* DESCRIPTION OF THE TASK:
Nothing but the line holding "this 500×333 image." and the lines after it, through the end of the records, should be set down, each exactly as it is.

* DATASET EXTRACT:
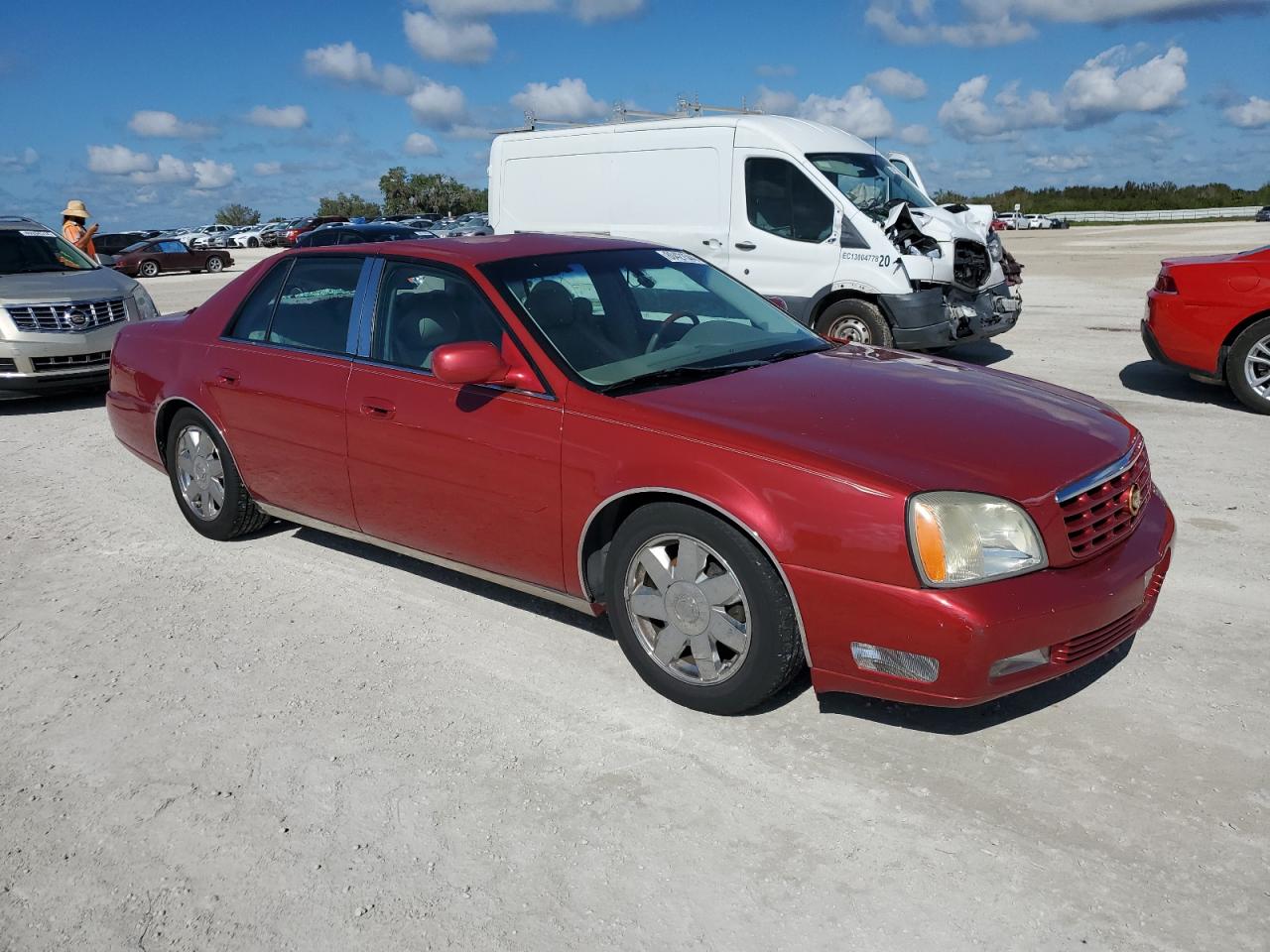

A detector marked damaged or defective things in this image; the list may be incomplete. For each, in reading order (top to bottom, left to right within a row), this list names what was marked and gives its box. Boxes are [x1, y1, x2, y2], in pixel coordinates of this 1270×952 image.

damaged van front [813, 153, 1021, 350]
crumpled van bumper [883, 282, 1021, 352]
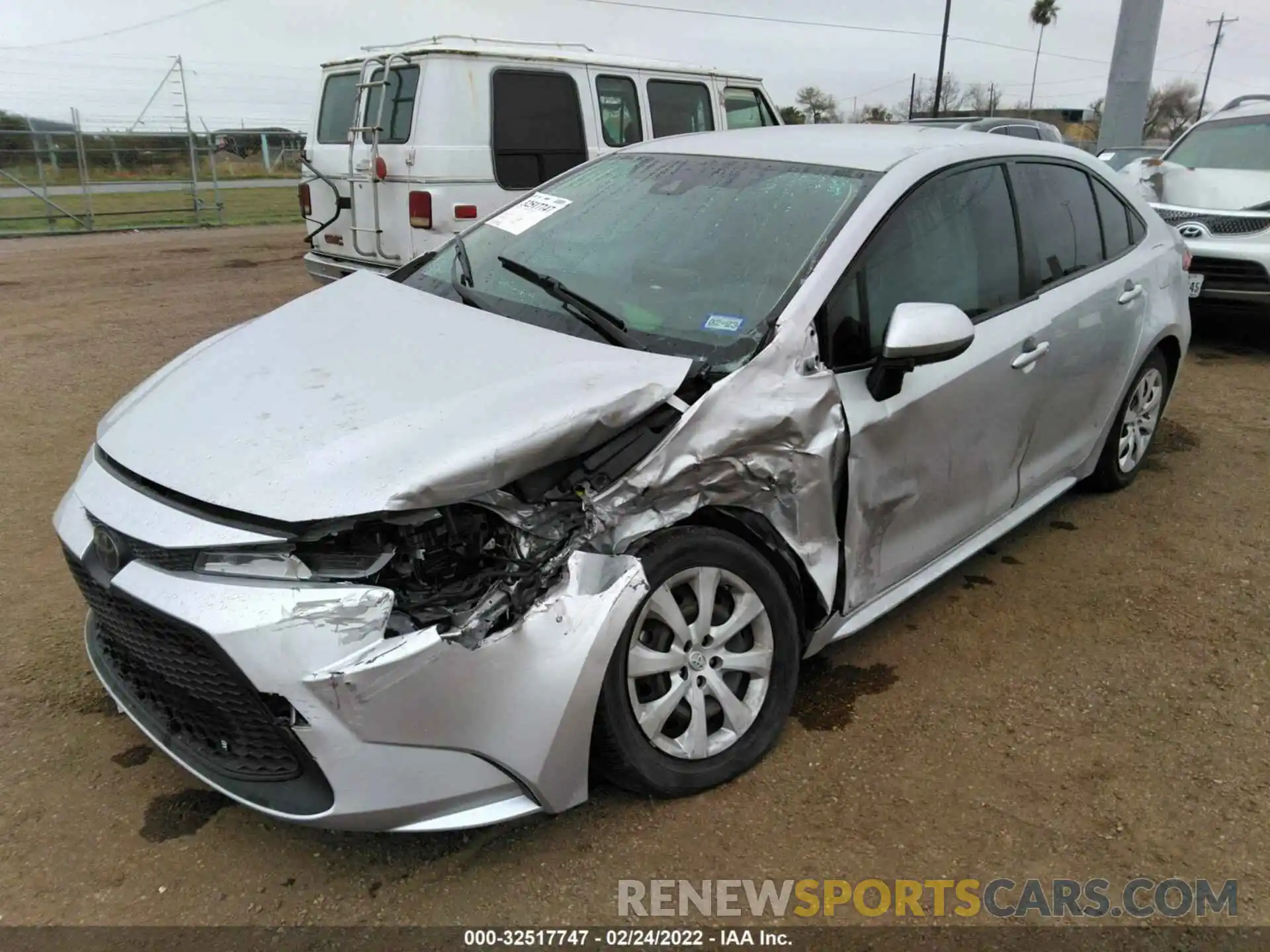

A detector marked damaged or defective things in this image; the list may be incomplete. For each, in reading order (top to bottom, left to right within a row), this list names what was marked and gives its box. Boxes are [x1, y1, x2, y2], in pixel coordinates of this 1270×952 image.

crumpled hood [1138, 162, 1270, 210]
crumpled hood [96, 270, 696, 523]
damaged front bumper [54, 452, 650, 832]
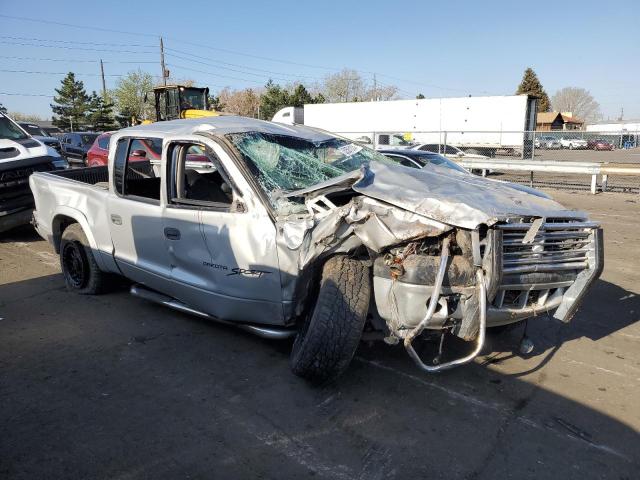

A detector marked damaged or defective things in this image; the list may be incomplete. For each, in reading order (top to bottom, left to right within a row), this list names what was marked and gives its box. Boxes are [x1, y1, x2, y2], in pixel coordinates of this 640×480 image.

shattered windshield [228, 132, 392, 213]
wrecked white pickup truck [28, 117, 600, 382]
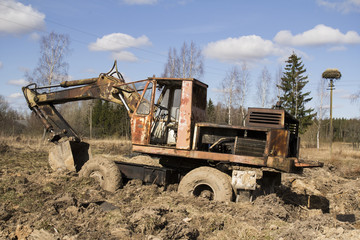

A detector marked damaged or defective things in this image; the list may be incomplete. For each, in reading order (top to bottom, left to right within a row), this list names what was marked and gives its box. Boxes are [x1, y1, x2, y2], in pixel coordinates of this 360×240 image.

rusty old excavator [22, 62, 322, 202]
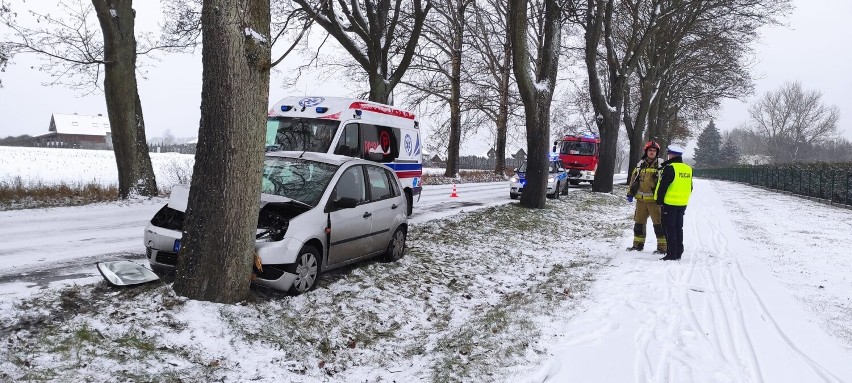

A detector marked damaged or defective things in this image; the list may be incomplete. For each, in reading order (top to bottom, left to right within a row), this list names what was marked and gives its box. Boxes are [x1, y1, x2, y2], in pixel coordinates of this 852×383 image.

damaged car [143, 152, 410, 296]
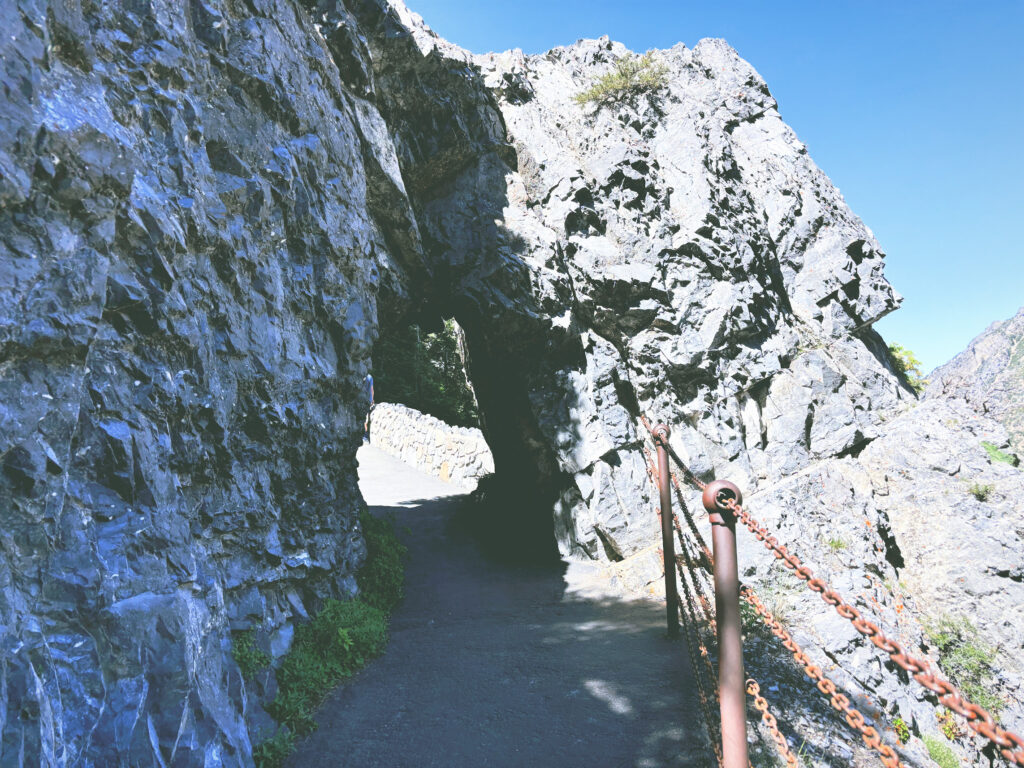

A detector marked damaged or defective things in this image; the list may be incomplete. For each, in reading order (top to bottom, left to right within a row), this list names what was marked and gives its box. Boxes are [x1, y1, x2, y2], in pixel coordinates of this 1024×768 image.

rusty metal post [655, 423, 679, 638]
rusty metal post [704, 481, 753, 768]
orange rusted chain link [745, 679, 798, 768]
rusty chain [745, 684, 798, 765]
rusty chain [741, 585, 901, 765]
orange rusted chain link [745, 589, 905, 768]
orange rusted chain link [729, 495, 1024, 765]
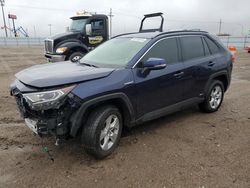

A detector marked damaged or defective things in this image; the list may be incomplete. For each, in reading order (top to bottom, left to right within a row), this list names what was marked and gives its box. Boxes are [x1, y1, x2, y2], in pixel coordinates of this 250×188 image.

cracked headlight [23, 85, 74, 110]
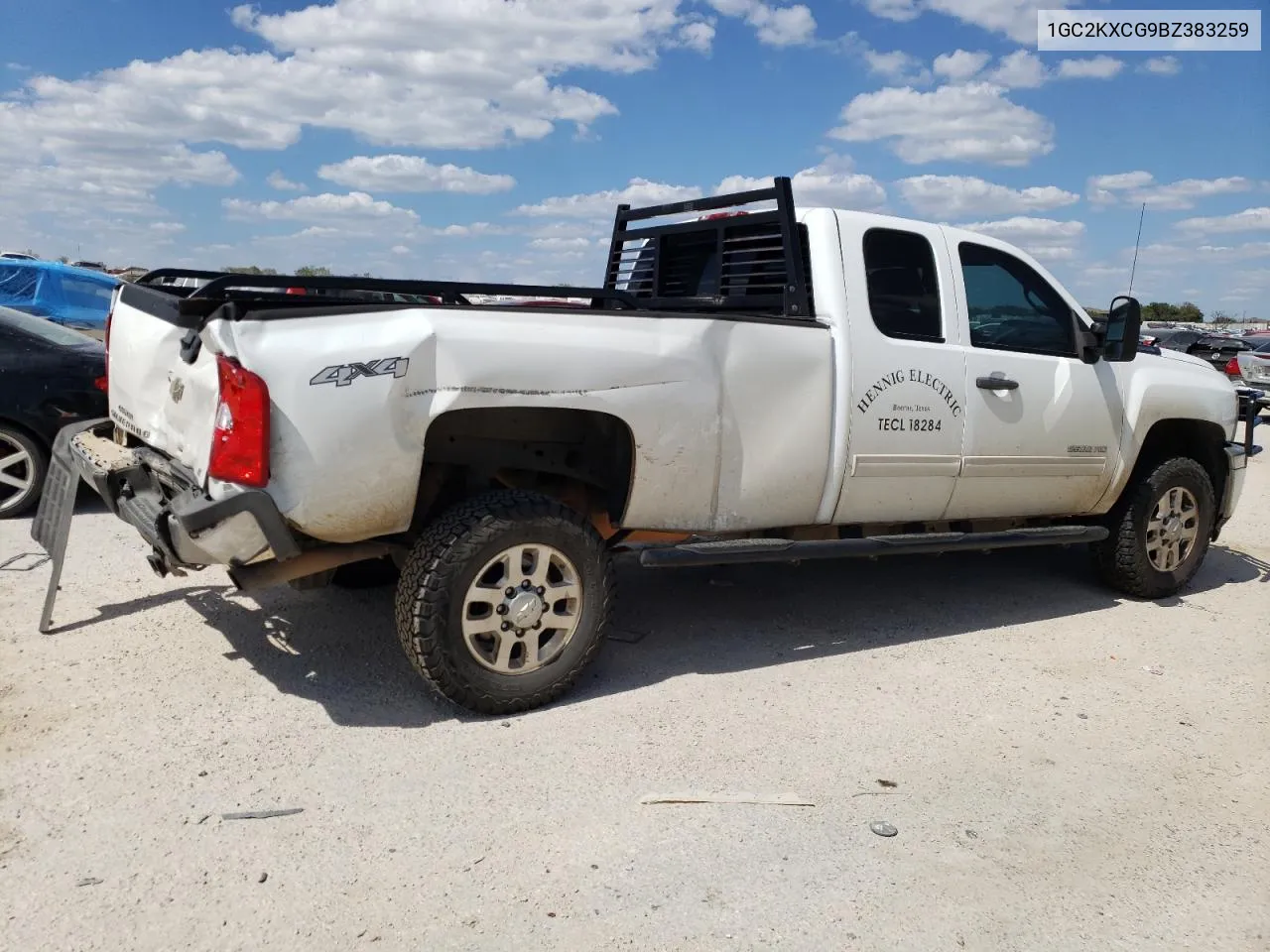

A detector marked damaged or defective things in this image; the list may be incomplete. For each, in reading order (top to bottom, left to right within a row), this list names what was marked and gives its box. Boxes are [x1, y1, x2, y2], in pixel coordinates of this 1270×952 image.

rust on wheel well [413, 401, 639, 536]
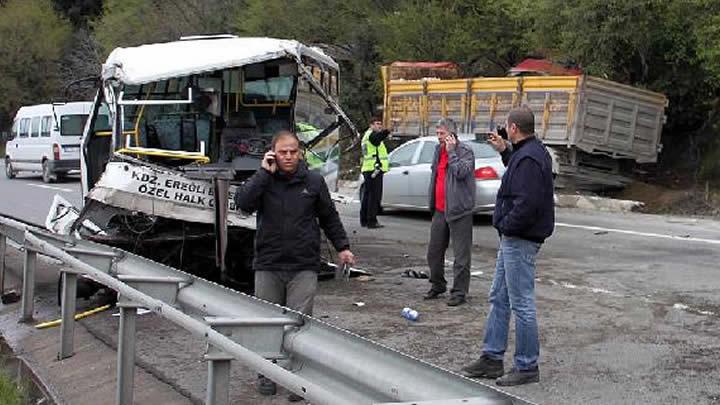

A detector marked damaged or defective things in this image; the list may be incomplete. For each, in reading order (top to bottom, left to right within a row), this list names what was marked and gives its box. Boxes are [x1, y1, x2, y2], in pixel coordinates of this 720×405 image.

wrecked minibus [67, 34, 358, 288]
minibus crumpled roof [102, 36, 340, 85]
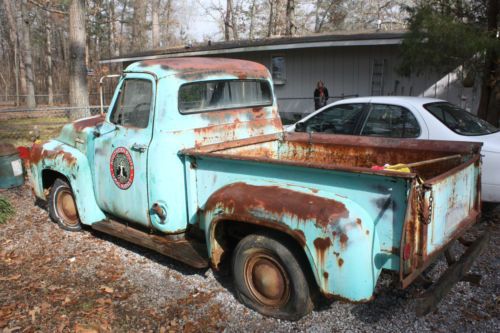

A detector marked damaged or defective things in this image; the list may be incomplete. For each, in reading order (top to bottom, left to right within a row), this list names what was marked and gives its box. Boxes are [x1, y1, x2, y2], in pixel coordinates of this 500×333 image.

rust patch [72, 115, 104, 132]
rusty wheel rim [55, 188, 79, 227]
rusty truck body [28, 57, 488, 320]
rust patch [203, 182, 348, 231]
rust patch [312, 236, 332, 268]
rusty wheel rim [244, 252, 292, 306]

* ANSWER FOR THIS EXERCISE:
A detector marked damaged or defective things in this image; the list may be incomplete. For each, in reading order (top to bottom, left to right within a row), this list names what was marked and gives its box. Boxes are [x1, y1, x2, y2], in pixel coordinates of this 500×333 image.

rust patch [72, 115, 104, 132]
rusty wheel rim [55, 188, 79, 227]
rusty truck body [28, 57, 488, 320]
rust patch [203, 182, 348, 231]
rust patch [312, 236, 332, 268]
rusty wheel rim [244, 252, 292, 306]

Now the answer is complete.